Social worker; that explained everything. Michal officially loved the woman, even if her daughters seemed a bit snobbish.
“Want to hear it?” Leah steered the conversation back to neutral territory. Michal nodded, and Leah took out her phone and turned on “Yabasha Sheli.” Guitar, synthesizer, and flute started playing over what appeared to be the home sound system. Before the singers could cut in, one of Leah’s daughters tumbled into the kitchen.
“Ma! Yitzy got burned by a sparkler!” She pulled a kid — he looked to be four or five — into the kitchen, face beet, screaming. He was trying to grab at his arm, but his mother held him back. Michal couldn’t see the burned area, but her mind filled in the blanks.
“The sink!” Leah reached, hoisted Yitzy on the counter, and ran water over his hand as he wailed. His mother hovered. Michal sat at the table, her breath shallowed, vision tunneled. Baby Sarah flickered through her mind. Why did every child make her think of Baby Sarah? Reorient yourself, ground yourself, she heard her therapist’s soothing voice, as her eyes darted toward the doors off the kitchen.
The first door was a bathroom. Michal locked the door behind her, turned on the sink, and splashed water on her face. She refused to face the woman in the mirror. Breathe, breathe. Two minutes later the edge was still in her throat, chest, and fingertips. Yitzy was still crying. Why were her body and mind racing like this?

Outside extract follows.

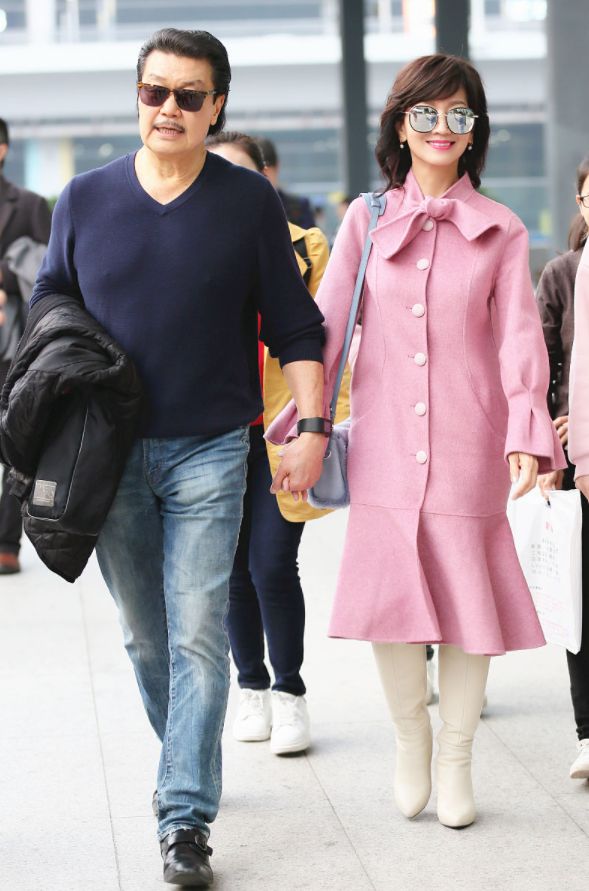 趙雅芝是個狠人！68歲還敢穿小姑娘衣服，為了&OpenCurlyDoubleQuote;少女感&rdquo;挺拼的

A kid was hurt. What if he was really hurt, irrevocably? What if the wound got infected and he died? Michal sat down, her heart pounding.
Why was it worse for a kid to die than an adult? Why did Baby Sarah die? Had her life mattered? Why did she even have this question? Her mind shifted. What about Herman? Was his life irrelevant and forgotten because his baby had died? Does that undo him? What about Herman’s parents? Who mourns a child after his parents are gone?
Her breathing became labored again. She knew she had to stop the vortex, but her thoughts refused to obey.
Did her life have value? Would she one day be as forgotten as Herman and Sarah?
She thought she’d moved on, gotten healthy, married someone normal. But her mind let her know now that she and Mordy were just useless loose ends. If time could redo some stitches, it wouldn’t knit them back into its weave.
Michal put her head between her knees and tried breathing again. Yitzy wasn’t crying anymore, but she felt wetness on her own cheeks. Her energy shifted. Dumb, this whole thing was dumb. Herman, the baby, her father, mother, Chaim, Tante Hindy, Tante Leah, Yitzy…. What was she even doing here?
She sat for what felt like an eternity. The noises in the kitchen died down, everyone seemed to have gone outside. What happened to Yitzy? Was he fine? Had anyone noticed she was missing?
A knock on the door.
“Michal?” It was Chaim. She cleared her throat.
“Yes.”
“Are you okay? I’ve been looking all over for you.”
She cleared her throat again. “I’m fine.”
“Can I come in?” Michal unlocked the door. The post-cry blotchiness was gone; she was empty now. Chaim’s brow was so knitted she almost felt bad for him.
“Want to go home?” he offered. Michal exhaled, surprised by a burst of gratitude to him. She nodded. He didn’t ask any questions. Michal wasn’t sure if she held it against him, or was thankful.
They slipped out. Michal was quiet on the ride to Brooklyn. They circled for parking, and once they found a spot, Chaim lingered before turning off the car.
“Michal?” His voice was soft.
She turned to him, only enough to signal she was listening, and heard him inhale deeply.
“I know that today was really tough on you, and I was wondering… would you consider, I mean, do you want to try finding someone to talk to? Or maybe going back to….” His voice trailed off, and Michal sat up, ramrod straight. The nerve.
Chaim drummed his fingers on the steering wheel. “I just… I don’t… I know you’re really upset, and I just want you to be happy. But I’m not sure what to tell you to make you feel better.” He turned off the ignition and opened the car door without waiting for an answer.